La cote des objets d’art chinois explose

3 Mars 2015 , Rédigé par Jean-David Desforges Publié dans #Lutte contre le trafic

FRANCE. Lu sur leparisien.fr

L'engouement des nouveaux millionnaires asiatiques pour les objets chinois anciens, notamment ceux des collections du Palais d’Été, ne cesse de croître. Pour répondre à la demande, une offre clandestine s'est mise en place. Où s’approvisionner lorsque le marché officiel est à sec ? Dans les collections publiques comme celle du château de Fontainebleau par exemple.

La cote des objets d’art chinois explose

Le grand public ne le sait pas, mais les objets d’art chinois anciens s’arrachent à prix d’or depuis cinq ans. Surtout ceux provenant de la cour impériale et du pillage du palais d’été par les troupes franco-anglaises en 1860. Un sceau en jade d’un empereur ou un vase en porcelaine datant du XVIIe ou du XVIIIe siècle peuvent ainsi être vendus plusieurs millions d’euros.

Le problème pour retrouver ces œuvres d’art, c’est qu’elles s’écoulent aussi sur un marché parallèle, confie un ancien responsable de l’Office central de lutte contre le trafic des biens culturels (OCBC) : « En Chine, où les millionnaires et les milliardaires se multiplient, on compte une douzaine de sociétés officielles, type Sotheby’s, qui vendent des objets d’art anciens.
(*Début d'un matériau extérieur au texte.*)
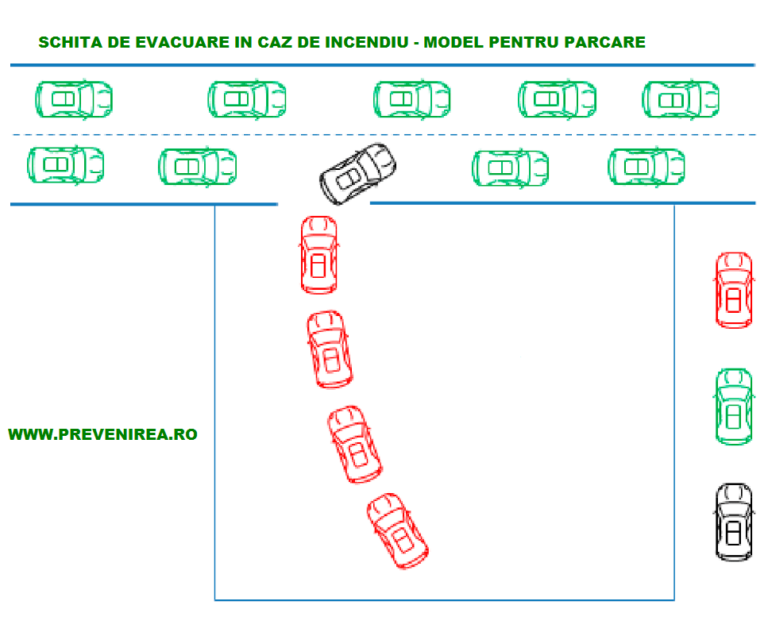 Plan de evacuare pentru parcare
Mais il y a aussi des trafiquants et des receleurs. »

Au Musée chinois de Fontainebleau, on compte quelque 300 pièces de grande valeur, dont des émaux cloisonnés, des porcelaines, des objets en jade, des bijoux… Le cambriolage commis dimanche est-il le fait d’un réseau spécialisé dans la revente des objets d’arts chinois ? Certaines sources judiciaires n’écartent pas la commande d’un collectionneur fou ou d’antiquaires étrangers, comme ce fut le cas en 1995 lors du vol de plusieurs épées au musée Napoléon du château de Fontainebleau. « C’est un travail de longue haleine qui débute, confie un policier. L’enquête peut durer plusieurs années. »

Hier, les policiers de la police judiciaire de Versailles et ceux de l’OCBC étaient encore sur place pour tenter de retrouver des traces ADN ou une erreur commise par le commando qui permettrait de faire progresser l’enquête et de remettre la main sur les trésors du Musée chinois.